Scraped caption text data:
[Start of Attachment]
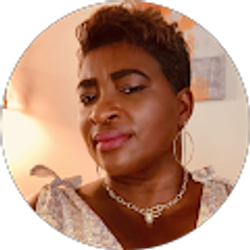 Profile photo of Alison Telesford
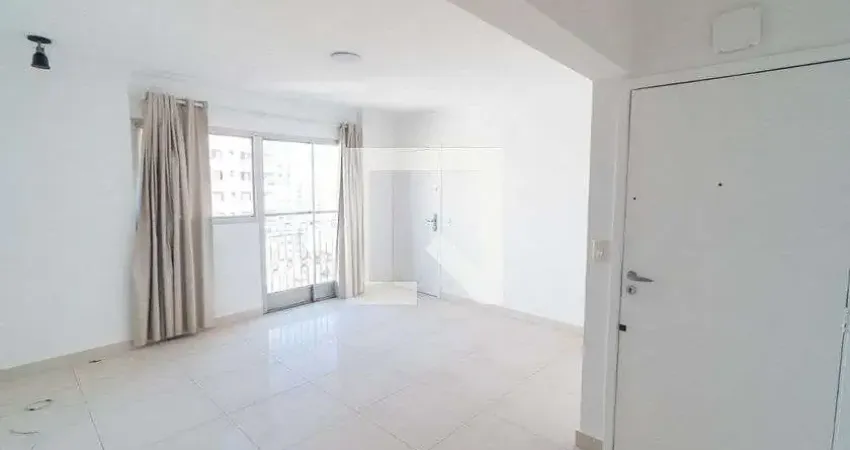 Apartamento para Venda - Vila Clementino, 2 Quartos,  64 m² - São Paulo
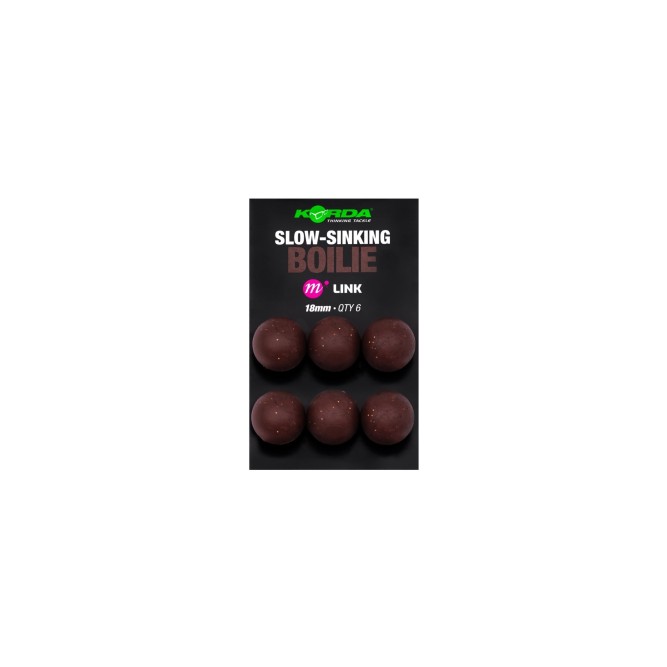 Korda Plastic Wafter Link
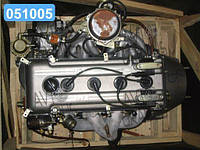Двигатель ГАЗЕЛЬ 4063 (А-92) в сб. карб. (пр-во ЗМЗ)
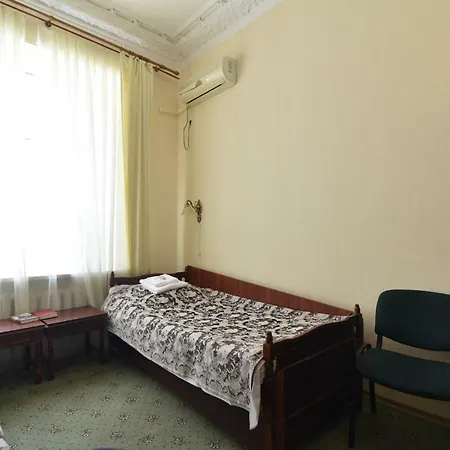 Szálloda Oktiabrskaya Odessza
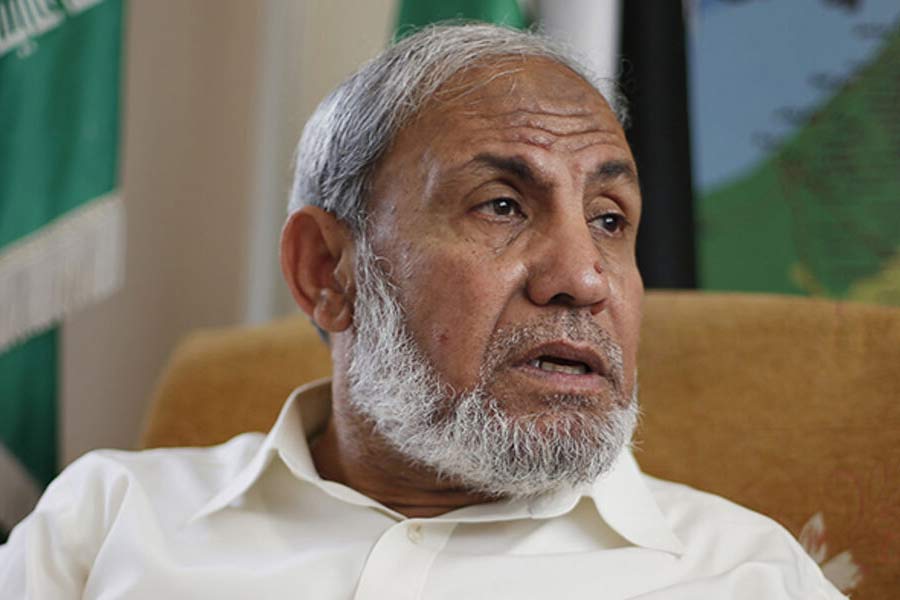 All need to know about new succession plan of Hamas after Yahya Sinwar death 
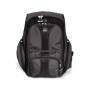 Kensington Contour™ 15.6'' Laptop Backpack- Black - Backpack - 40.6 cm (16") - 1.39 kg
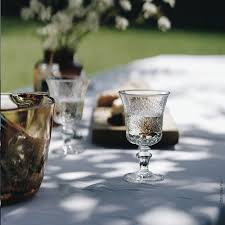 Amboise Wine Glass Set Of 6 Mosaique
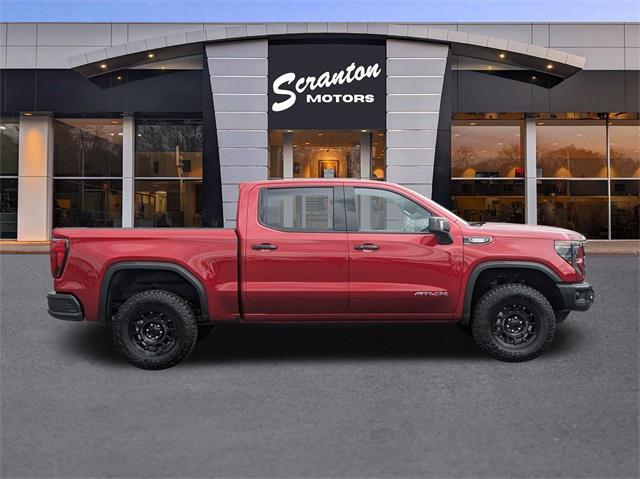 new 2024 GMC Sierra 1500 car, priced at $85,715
[End of Attachment]
• TRY IT:
Set down every record once more, word for word, without pictures.

• SOLUTION TO THE EXERCISE:
 Profile photo of Alison Telesford
 Apartamento para Venda - Vila Clementino, 2 Quartos,  64 m² - São Paulo
 Korda Plastic Wafter Link
Двигатель ГАЗЕЛЬ 4063 (А-92) в сб. карб. (пр-во ЗМЗ)
 Szálloda Oktiabrskaya Odessza
 All need to know about new succession plan of Hamas after Yahya Sinwar death 
 Kensington Contour™ 15.6'' Laptop Backpack- Black - Backpack - 40.6 cm (16") - 1.39 kg
 Amboise Wine Glass Set Of 6 Mosaique
 new 2024 GMC Sierra 1500 car, priced at $85,715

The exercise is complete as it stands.